- **PROBLEM**:
Restate the records that follow word for word. Omit the images.

- **GIVEN RECORDS**:
"""
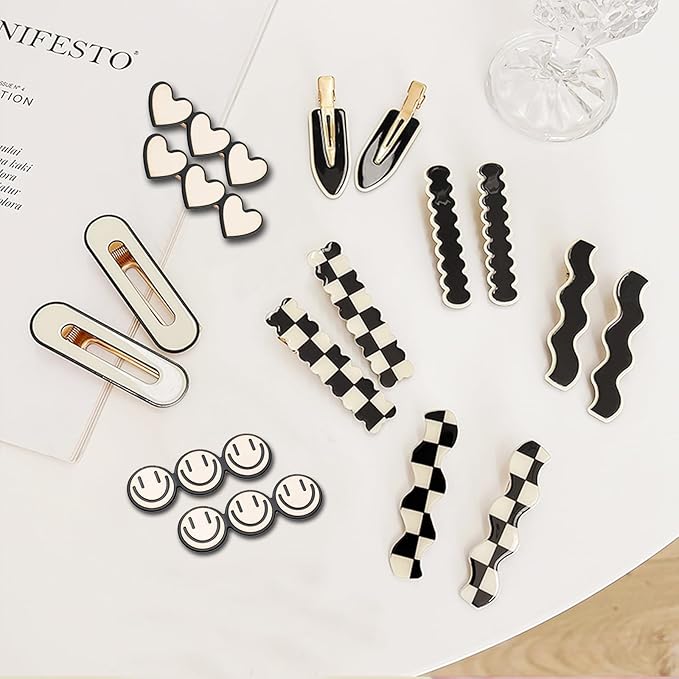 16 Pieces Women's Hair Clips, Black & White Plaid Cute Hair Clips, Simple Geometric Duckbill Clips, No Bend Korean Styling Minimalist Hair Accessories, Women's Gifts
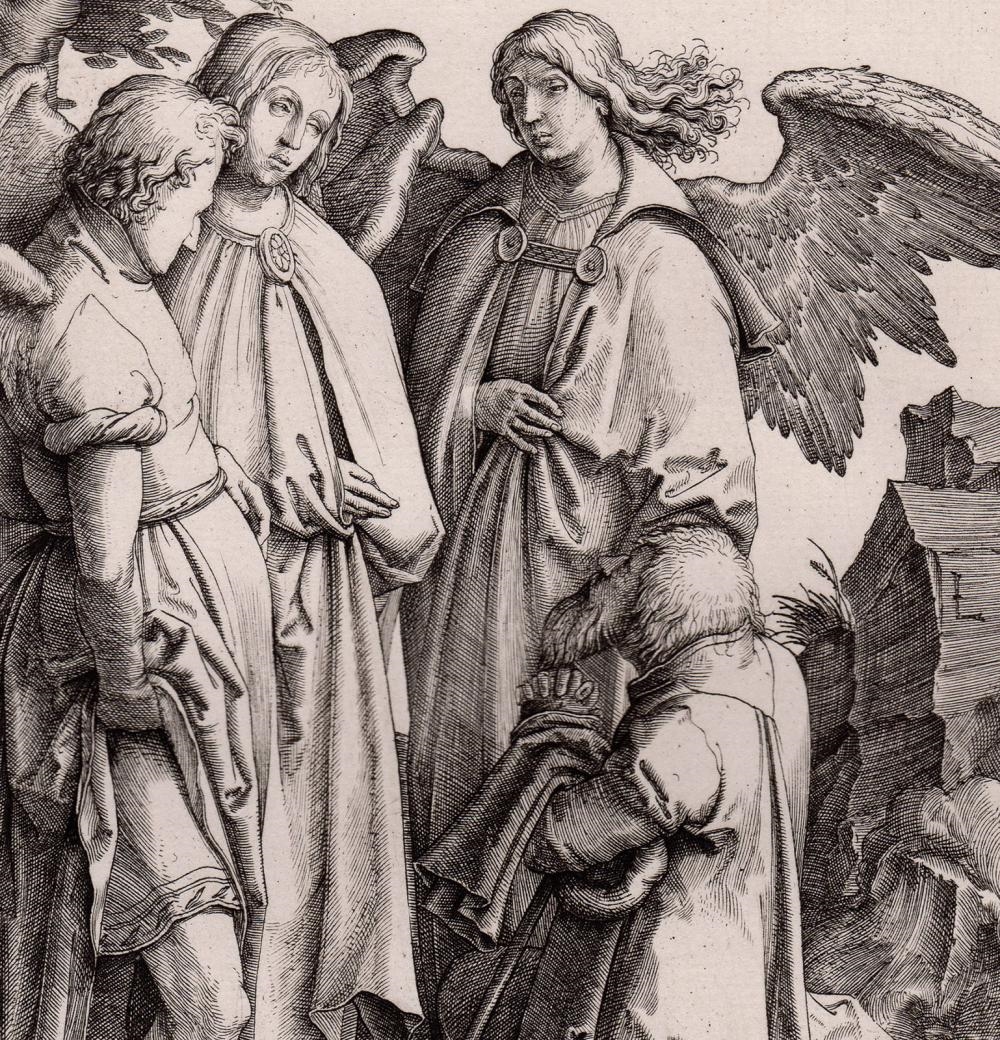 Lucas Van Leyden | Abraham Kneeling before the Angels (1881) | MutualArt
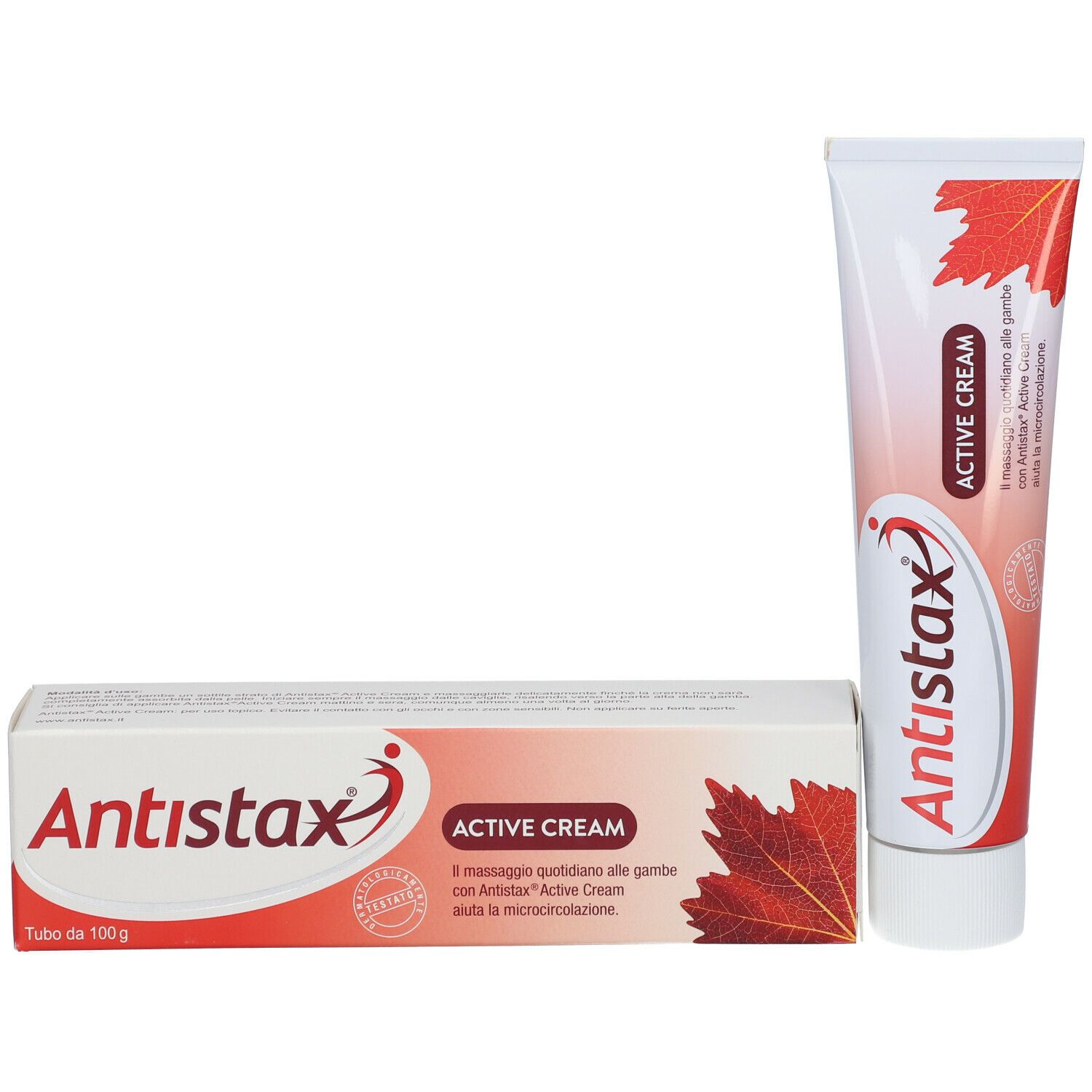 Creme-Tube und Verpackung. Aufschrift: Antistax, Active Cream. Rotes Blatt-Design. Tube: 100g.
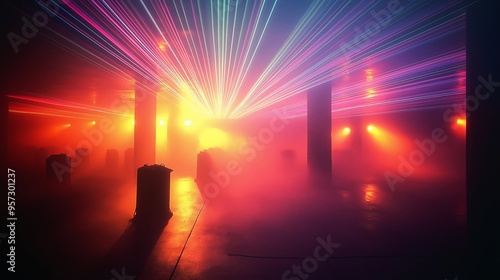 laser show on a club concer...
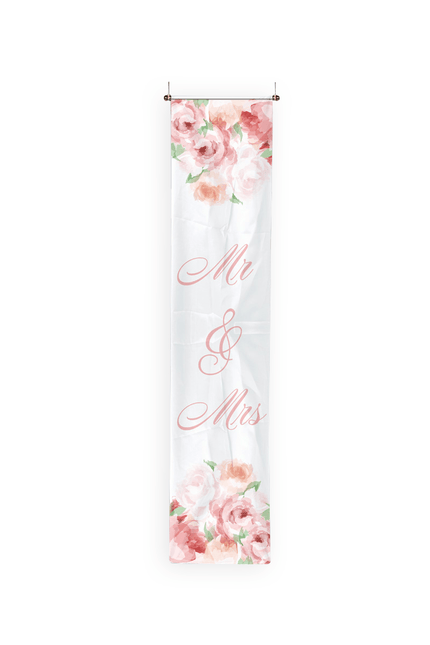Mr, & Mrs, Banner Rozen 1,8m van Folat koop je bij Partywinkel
"""
- **EXERCISE RESPONSE**:
 16 Pieces Women's Hair Clips, Black & White Plaid Cute Hair Clips, Simple Geometric Duckbill Clips, No Bend Korean Styling Minimalist Hair Accessories, Women's Gifts
 Lucas Van Leyden | Abraham Kneeling before the Angels (1881) | MutualArt
 Creme-Tube und Verpackung. Aufschrift: Antistax, Active Cream. Rotes Blatt-Design. Tube: 100g.
 laser show on a club concer...
Mr, & Mrs, Banner Rozen 1,8m van Folat koop je bij Partywinkel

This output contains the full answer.